Título: Miséria e crime
Autor: Franco, Carlos Alberto Di
Fonte: O Globo, 13/12/2010, Opinião, p. 7

Domingo, 28 de novembro de 2010. Dia histórico. Às 7h59m, quando as forças de segurança invadiram o Complexo do Alemão, o Estado brasileiro reassumiu o seu papel e milhares de trabalhadores honrados, reféns do crime organizado, viram brilhar uma chispa de esperança. O que vimos não foi mais uma ação policial, mas a ressurreição da cidadania.

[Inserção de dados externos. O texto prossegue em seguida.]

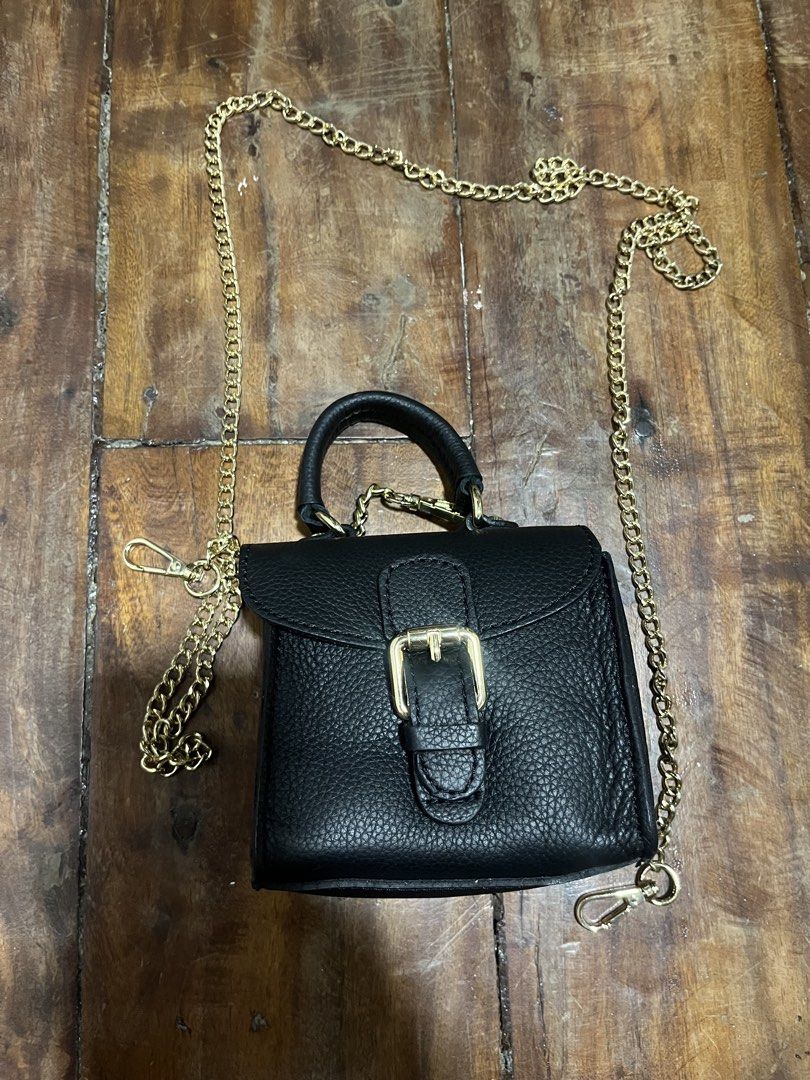Italian Leather Mini Handbag / Shoulder Bag (Category: Purses & Pouches) located in Bulacan. Submitted by _chesterbagro (Listing ID 1466126518, Image 3). Description: Unbranded genuine leather mini handbag, bought by my aunt in Italy 🇮🇹.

O problema da segurança pública é gravíssimo. E não será resolvido com ações isoladas, mesmo quando expressivas e importantes. É necessário chegar às raízes da doença: a frequente falta de critérios de seleção para o ingresso nos quadros policiais, a exclusão social, a permanente entrada de armas que abastecem o paiol da bandidagem, uma legislação obsoleta e o descaso com políticas de prevenção e recuperação de dependentes químicos.

A exclusão social está no cerne do problema. O presidente Lula, na alvorada de seu governo, lançou o Fome Zero. E fez bem. Mas o que o Brasil precisa com urgência é um Desemprego Zero. Uma juventude sem trabalho, sem esperança e sem futuro é presa fácil do crime organizado. Os jornais têm mostrado a estreita ligação que existe entre miséria e criminalidade.

Impõe-se um duro combate ao ingresso de armas e drogas. A Baía de Guanabara é uma peneira e as nossas fronteiras são avenidas abertas ao livre trânsito do crime organizado. Sem uma operação conjunta das Forças Armadas e da Polícia Federal, apoiadas em modernos sistemas de inteligência, aramos no mar. A vitória da Colômbia contra a guerrilha e o narcotráfico não se deu apenas em operações de combate e de repressão, mas sobretudo em bem-sucedidas ações monitoradas pelos serviços de inteligência.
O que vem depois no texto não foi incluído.